When DJ Kool Herc set up his turntables for his little sister’s back-to-school party on Aug. 11, 1973, the Jamaican-born resident of the Bronx couldn’t have known he was about to help create a new genre of music, much less a global phenomenon that would change the world as we know it.
New Orleans’ place in that phenomenon cannot be overstated. The Meters, The Gaturs and Allen Toussaint are some of hip-hops’ most sampled artists. Early local pioneers like DJ Slick Leo, Mannie Fresh and Mia X took the sound coming out of New York and put a distinctive New Orleans spin on its beats, rhyme schemes and swagger. Cash Money and No Limit dominated much of the ’90s and early 2000s, and bounce has become so ubiquitous even Canadian pop singers like Drake are trying their hand at it.
Although best known for its music, hip-hop culture extends far beyond its distinctive rhythms and sounds. It’s a revolutionary arts movement, an industry-disrupting fashion aesthetic, an expression of self through dance.
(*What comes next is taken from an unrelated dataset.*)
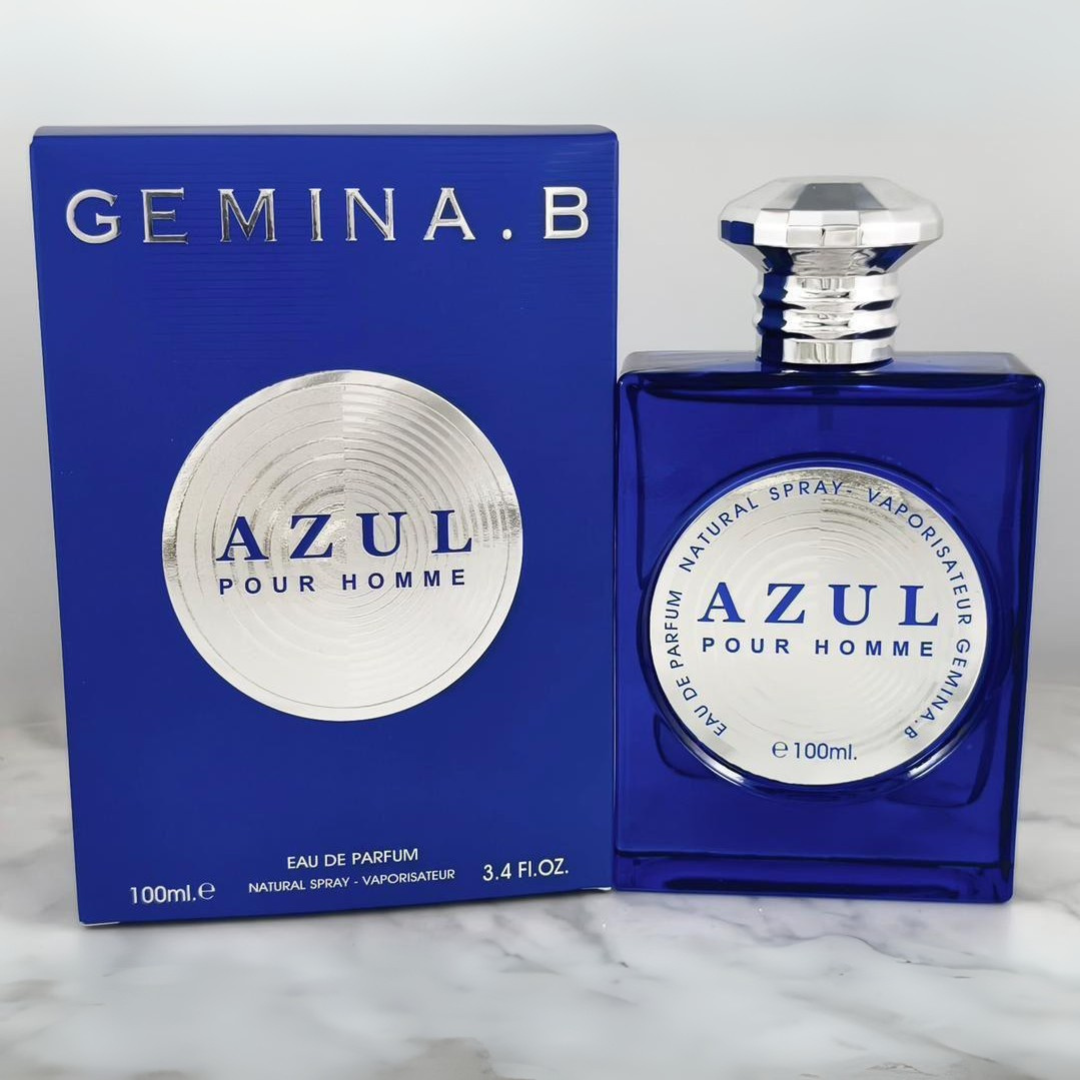 Gemina.B Azul Pour Homme for Men 100ML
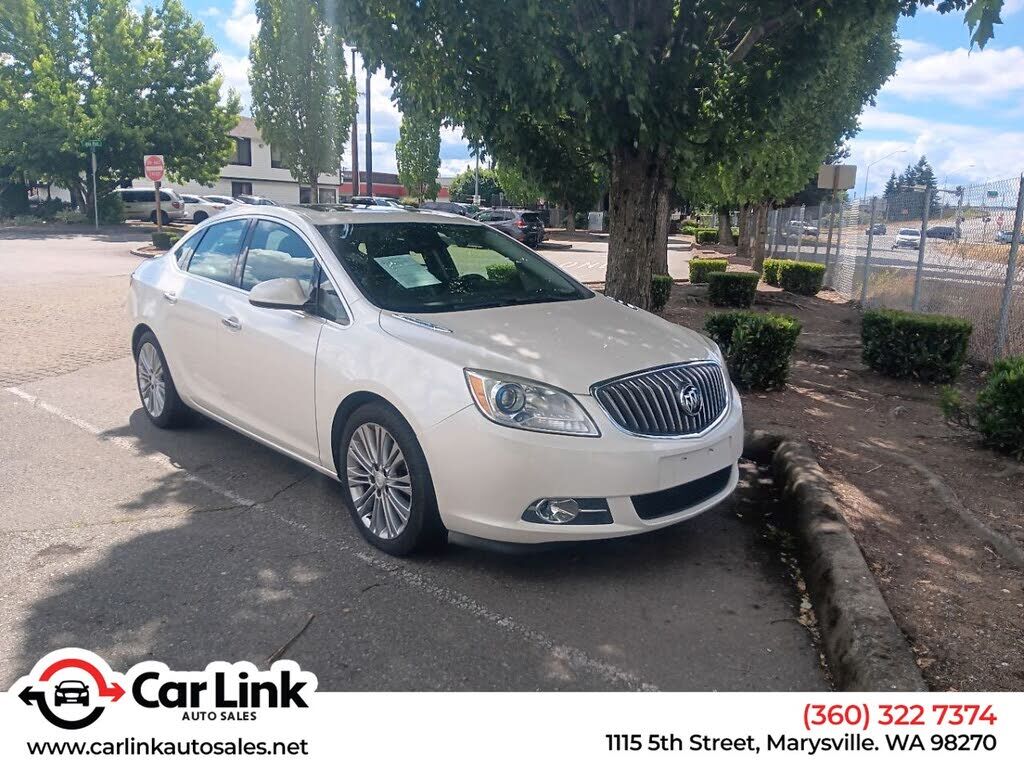 2015 BUICK Verano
And just as DJs used samples and record scratching to blend funk, rock and classical to create new sounds, hip-hop has restructured all pieces of our culture to give us a completely new view of ourselves and the world.
In the world of fashion, hip-hop’s influence altered everything from sneakers to couture ball gowns. Likewise, it has reshaped the art world, influencing artists like Basquiat and Banksy, forcing an appreciation for graffiti and other public art long absent in America.
Hip-hop has even influenced politics. As local rapper Pell told Gambit’s Jake Clapp, hip-hop long ago became “the voice of the people.” In the 1980s and ’90s, groups like Public Enemy, NWA and Boogie Down Productions used their lyrics to fight racism, poverty and police brutality. In the ’90s, rappers like Mac Phipps chronicled the struggle against poverty and violence facing Black communities from the 7th Ward to Oakland, California.
From Tunisian MC El General’s “Rais Lebled” becoming the anthem of the Arab Spring to Belfast-based Irish language rappers Kneecap demanding a free and united Ireland, hip-hop has become a universal language of protest and change.
In a way, hip-hop’s rise was inevitable. It sprang to life in a post-Jim Crow world that had grown considerably smaller, yet more filled with information and demands for change. Schools across the country desegregated, and biracial relationships became not just legal, but commonplace. Younger members of Generation X and elder Millennials became the first Americans to come of age in a world where old lines that separated Black people and white people blurred or even disappeared, at least for them.
Hip-hop culture accelerated that process, slow and complicated as it may be. And, as the students of Ben Franklin showed this year when they walked out in defense of trans and gender nonconforming classmates, young people are quicker to stand up for human and civil rights.
Hip-hop has done a lot in its first 50 years. We can’t wait to see what the next half a century will bring.